**Prompt**
Repeat the entries below exactly, pictures excluded.
--- Material for the task ---
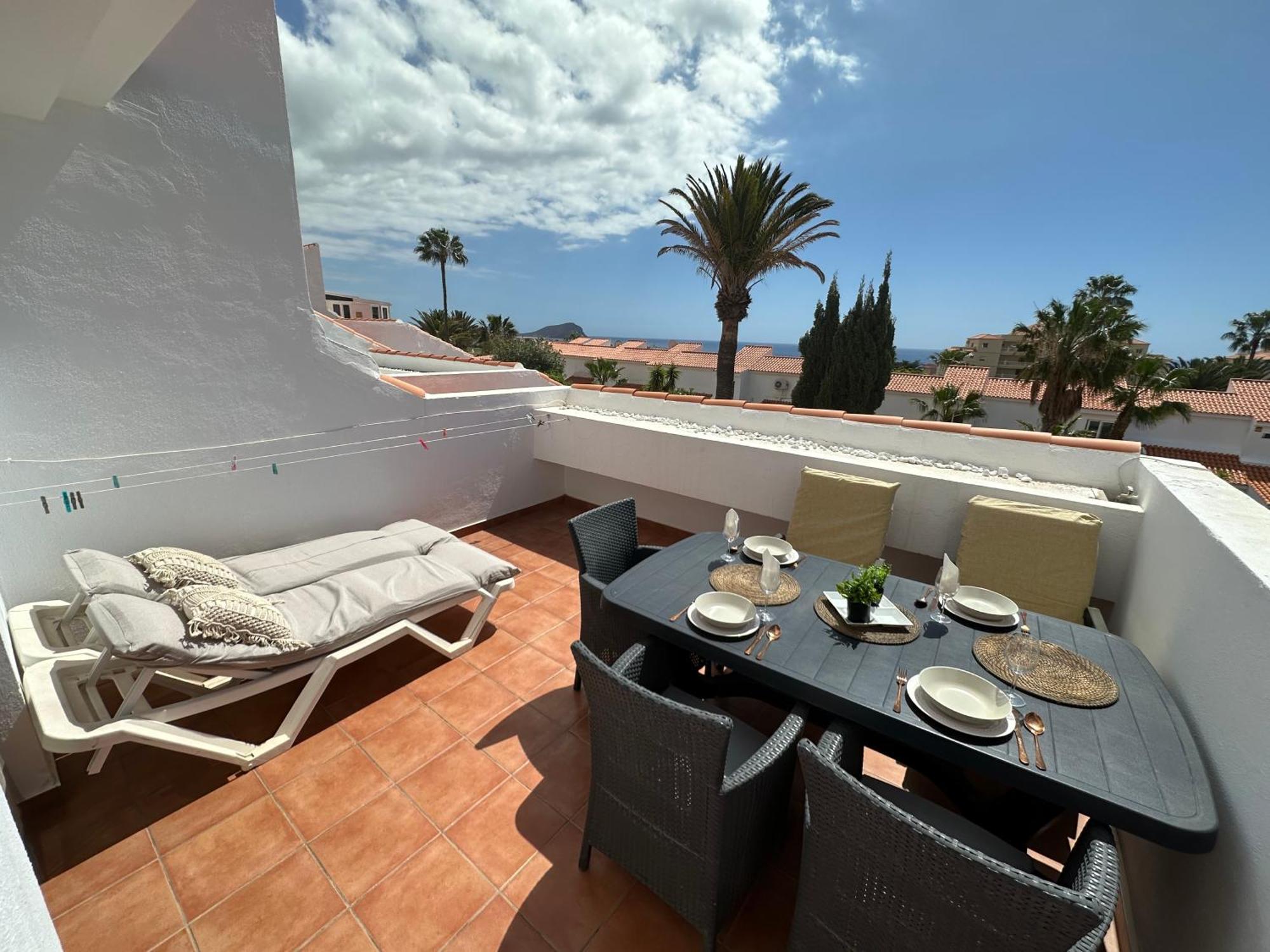 Holiday home Sunningdale Village Golf Del Sur San Miguel de Abona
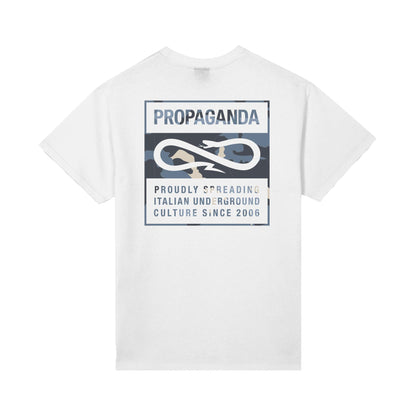 LABEL CAMO - T-SHIRT 25FWPRTS543 -02 PROPAGANDA 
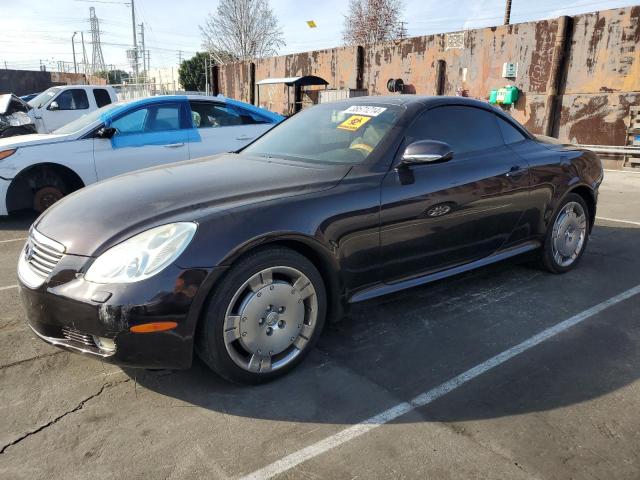 2004 LEXUS SC 430 2004 image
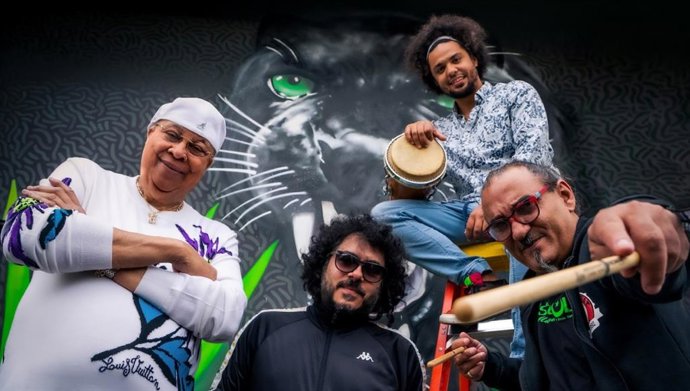 Archivo - Chucho Valdés actuará el 28 y 29 de marzo en el Teatro del Soho de Málaga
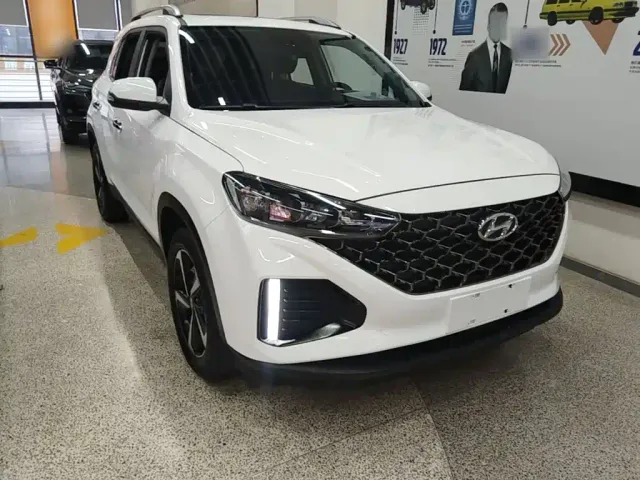 Hyundai ix35 — Фото автомобиля 3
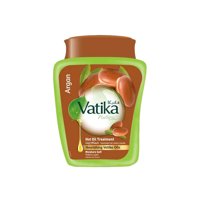 Vatika Naturals - Vatika Tratamiento Capilar Argan 500 Gr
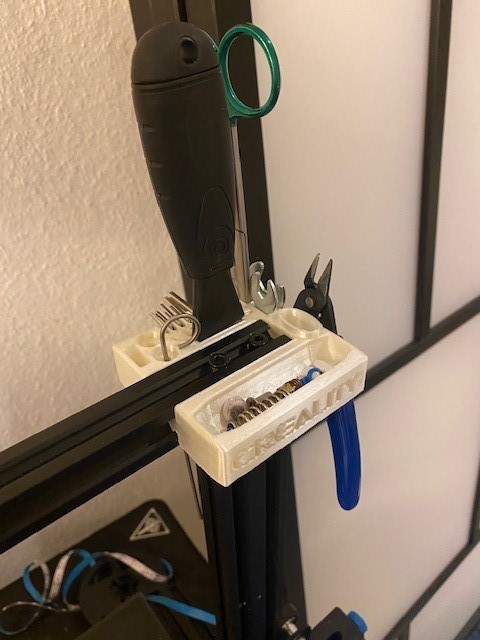 Another Bloody Ender 3v2 Tool Holder - photo 4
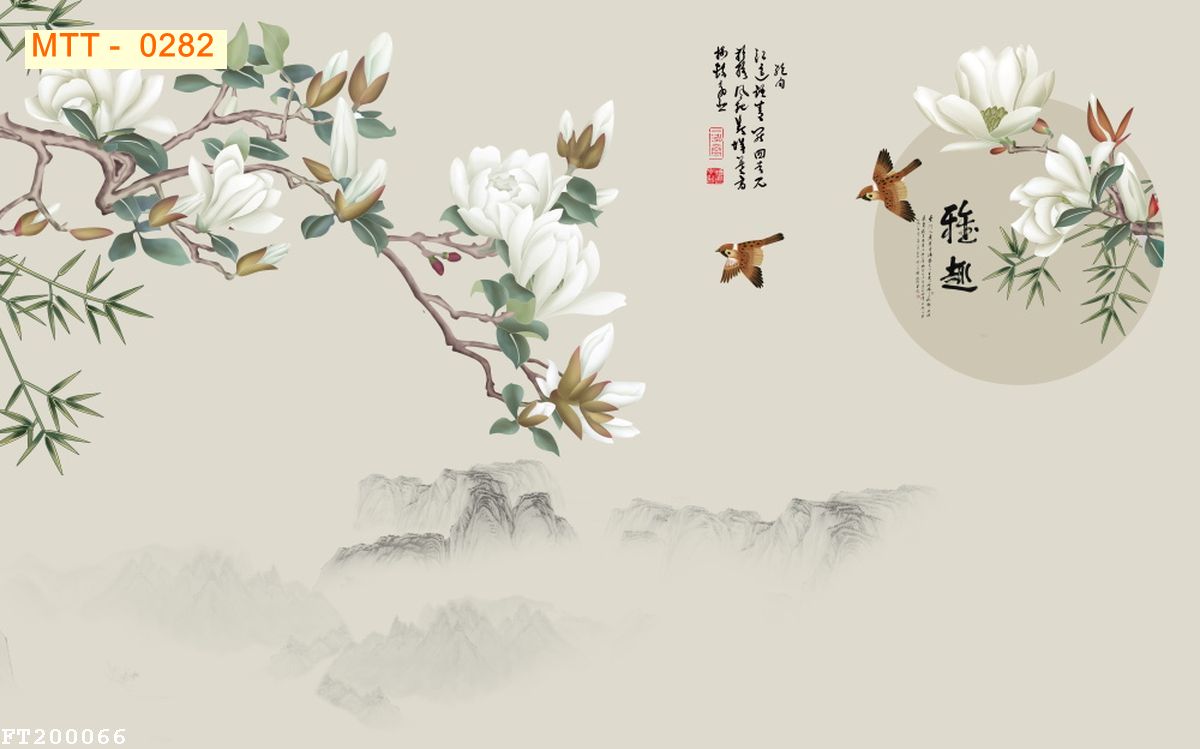 Tranh - MTT0282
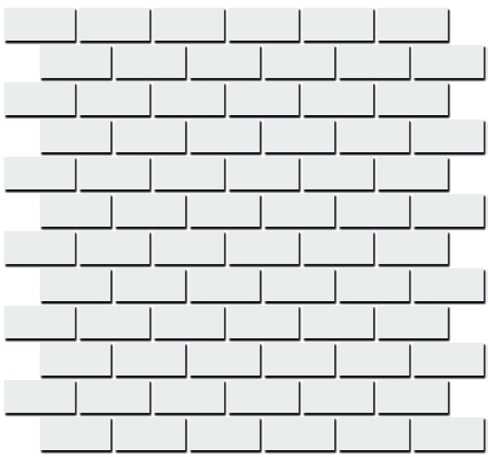 Kerama Marazzi 191/002 Руаяль декор мозаичный 32*30
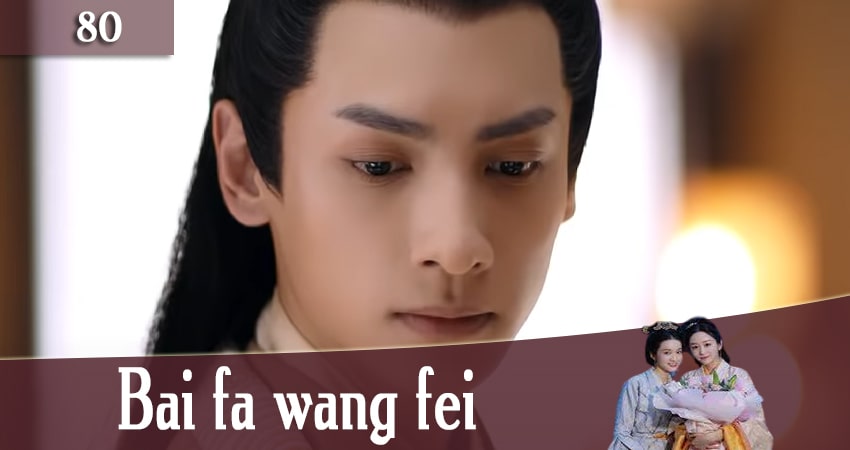 Серебряная Принцесса / Волосы в серебре (Bai fa wang fei) (1-79,80,81 серия) актеры и роли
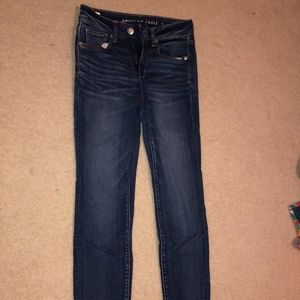 American Eagle Jeans - Size 4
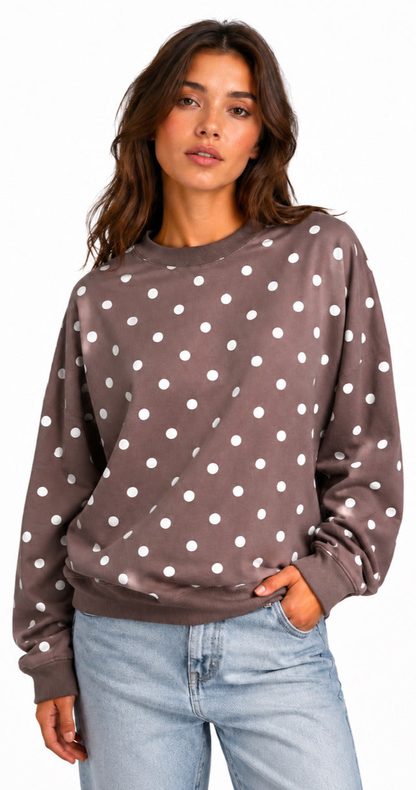 BLUZA DOTTIE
---
**Output of the exercise**
 Holiday home Sunningdale Village Golf Del Sur San Miguel de Abona
 LABEL CAMO - T-SHIRT 25FWPRTS543 -02 PROPAGANDA 
 2004 LEXUS SC 430 2004 image
 Archivo - Chucho Valdés actuará el 28 y 29 de marzo en el Teatro del Soho de Málaga
 Hyundai ix35 — Фото автомобиля 3
 Vatika Naturals - Vatika Tratamiento Capilar Argan 500 Gr
 Another Bloody Ender 3v2 Tool Holder - photo 4
 Tranh - MTT0282
 Kerama Marazzi 191/002 Руаяль декор мозаичный 32*30
 Серебряная Принцесса / Волосы в серебре (Bai fa wang fei) (1-79,80,81 серия) актеры и роли
 American Eagle Jeans - Size 4
 BLUZA DOTTIE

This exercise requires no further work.